Enquanto o endividamento bruto se refere ao estoque de dívida do governo, o
conceito líquido é obtido pela diferença entre a dívida bruta e os ativos
financeiros que o governo detém.
Diante disso, algumas questões se impõem no debate: afinal, qual
dos dois indicadores deve ser utilizado? Essa distinção é de fato relevante?
Começando pela segunda pergunta, vale observar o que ocorreu no
Brasil entre janeiro de 2007 e junho de 2011, período no qual a relação dívida
líquida/PIB caiu 12,4% (5,7 pontos percentuais), enquanto a dívida bruta/PIB
foi reduzida em apenas 1,9% (1,1 ponto percentual). A depender do indicador
observado, pode-se interpretar uma melhora significativa na situação fiscal
brasileira ou que ela se manteve praticamente estável. Fica evidente, portanto,
a relevância da diferenciação entre os indicadores, fato que muitas vezes é
negligenciado em análises mais superficiais.
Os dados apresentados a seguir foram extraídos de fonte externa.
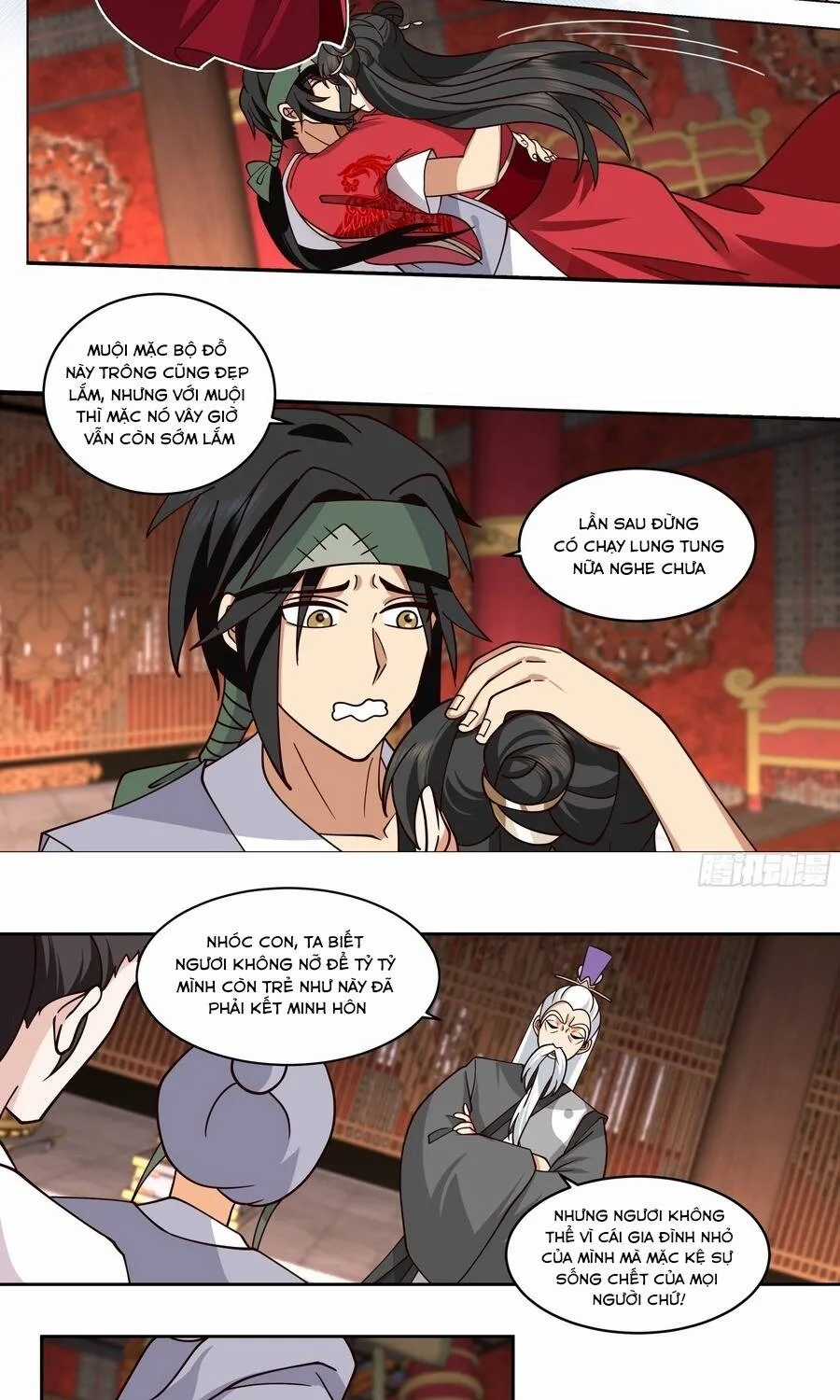Cửu Nhật Chi Lục - Chapter 39 - Trang 16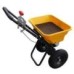 Texas  CS3600 Centrifugaal duw strooier 36 liter, gesloten aandrijfkast
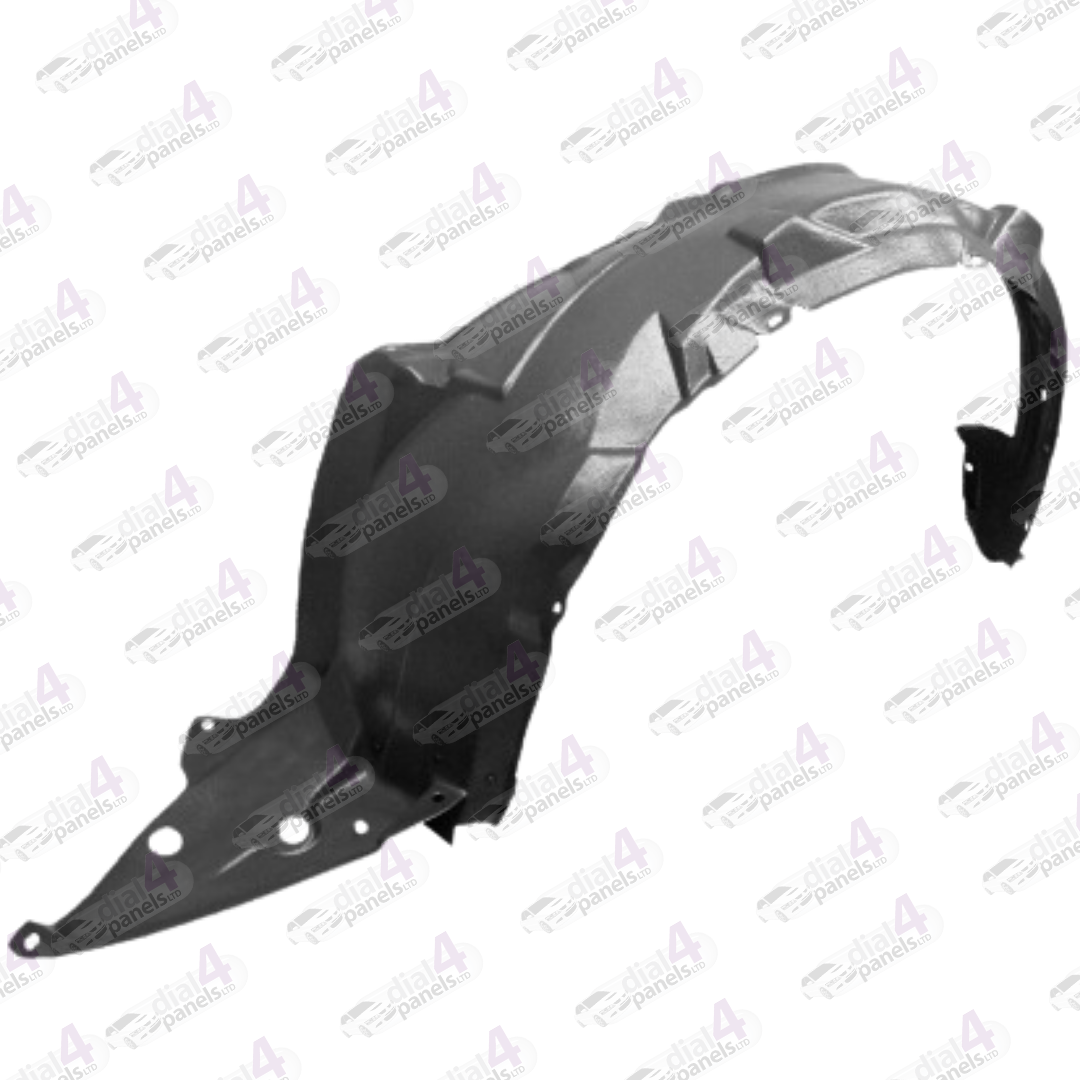 TOYOTA AURIS 2007-2010 FRONT SPLASH GUARD LEFT 5387602220 - 5387602310 - 5387612380 - 5387648030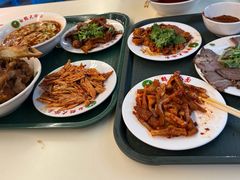 -白鹤大冷面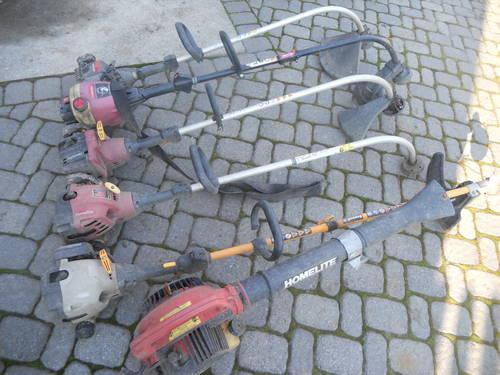 2 cyle equipment for sale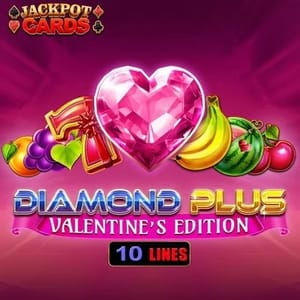 Diamond Plus Valentine’s Edition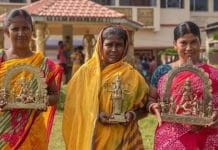 art village in Bengal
Quando governos possuem montantes significativos de ativos, é de
se esperar que estes sejam considerados em contrapartida ao saldo da dívida. No
entanto, há que se questionar quais ativos devem entrar na avaliação e por qual
preço. O risco associado aos ativos pode ser elevado e nem sempre isso é
considerado. Outro ponto relevante diz respeito à correlação entre esses ativos
e a capacidade de pagamento do país. Os ativos que contribuem de fato para a
redução do risco de inadimplência são aqueles com baixa correlação, que não se
desvalorizarão em um eventual momento de dificuldade financeira do país.
Por outro lado, vale lembrar que as necessidades de
refinanciamento do governo, de rolagem da dívida, têm por base a dívida bruta.
Assim, em termos de fluxo de caixa, o que importa é o conceito bruto, uma vez
que os pagamentos devidos estão referenciados no montante total do passivo, sem
qualquer dedução associada aos ativos.
No caso brasileiro, a diferença de indicadores tem se situado
entre 15 e 20 pontos percentuais. Trata-se de uma diferença considerável e que
pode ser explicada, basicamente, pelo expressivo crescimento de nossas reservas
internacionais e pelos empréstimos concedidos pelo Tesouro Nacional ao Banco
Nacional de Desenvolvimento Econômico e Social (BNDES) nos últimos três anos.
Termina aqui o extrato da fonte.